▶ [Your goal]:
Write the listing out again word for word, excluding any pictures.

▶ [Supplied material]:
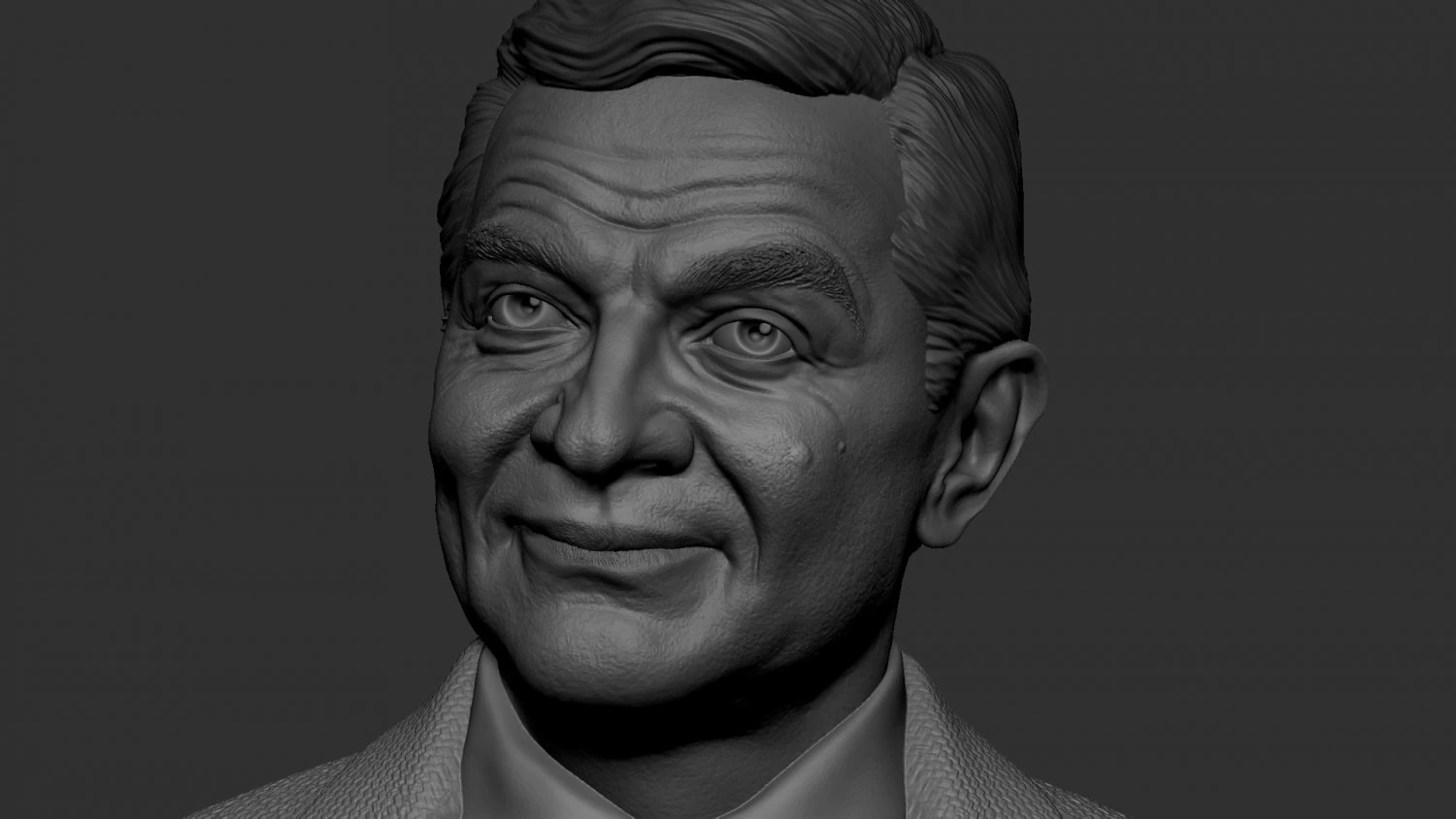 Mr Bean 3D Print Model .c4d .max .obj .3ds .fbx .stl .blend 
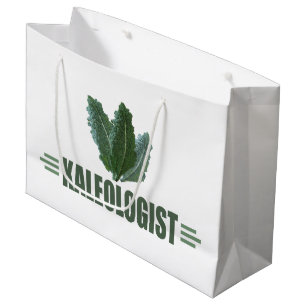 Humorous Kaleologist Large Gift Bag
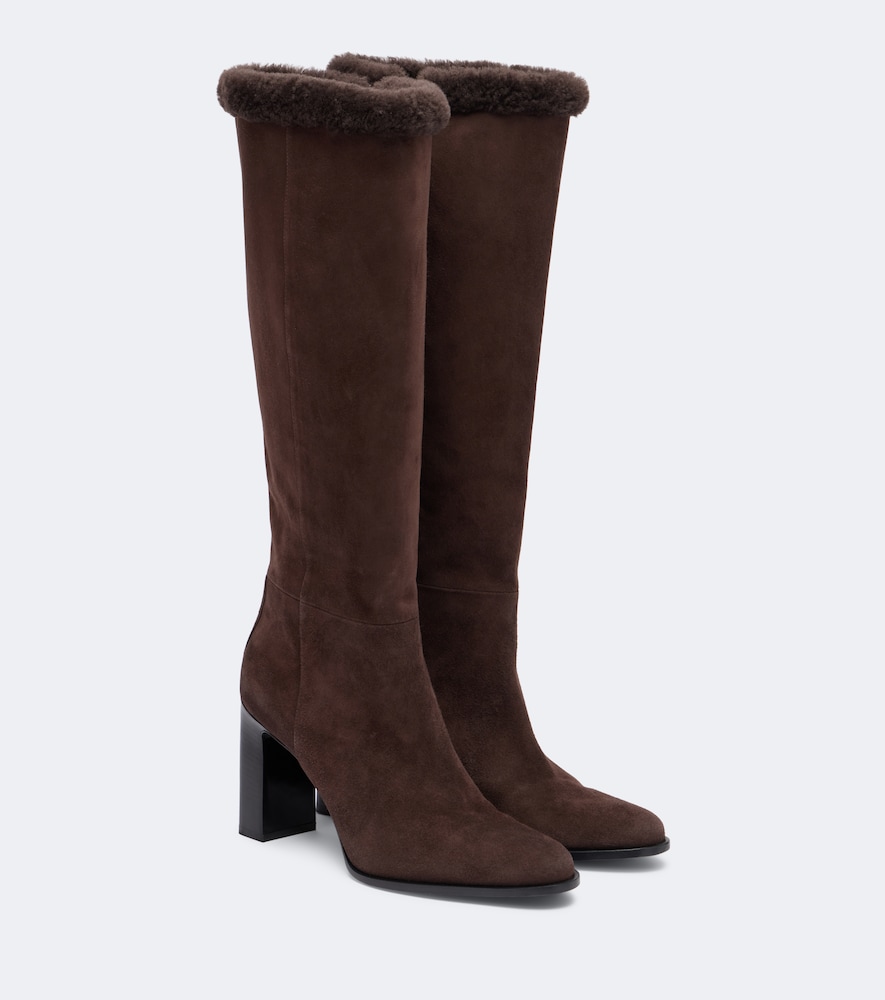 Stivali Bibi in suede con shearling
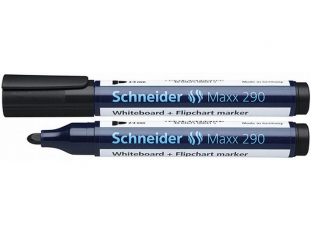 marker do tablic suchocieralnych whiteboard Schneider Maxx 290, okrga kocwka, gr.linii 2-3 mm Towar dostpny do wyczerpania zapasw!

▶ [Task solution]:
 Mr Bean 3D Print Model .c4d .max .obj .3ds .fbx .stl .blend 
 Humorous Kaleologist Large Gift Bag
 Stivali Bibi in suede con shearling
 marker do tablic suchocieralnych whiteboard Schneider Maxx 290, okrga kocwka, gr.linii 2-3 mm Towar dostpny do wyczerpania zapasw!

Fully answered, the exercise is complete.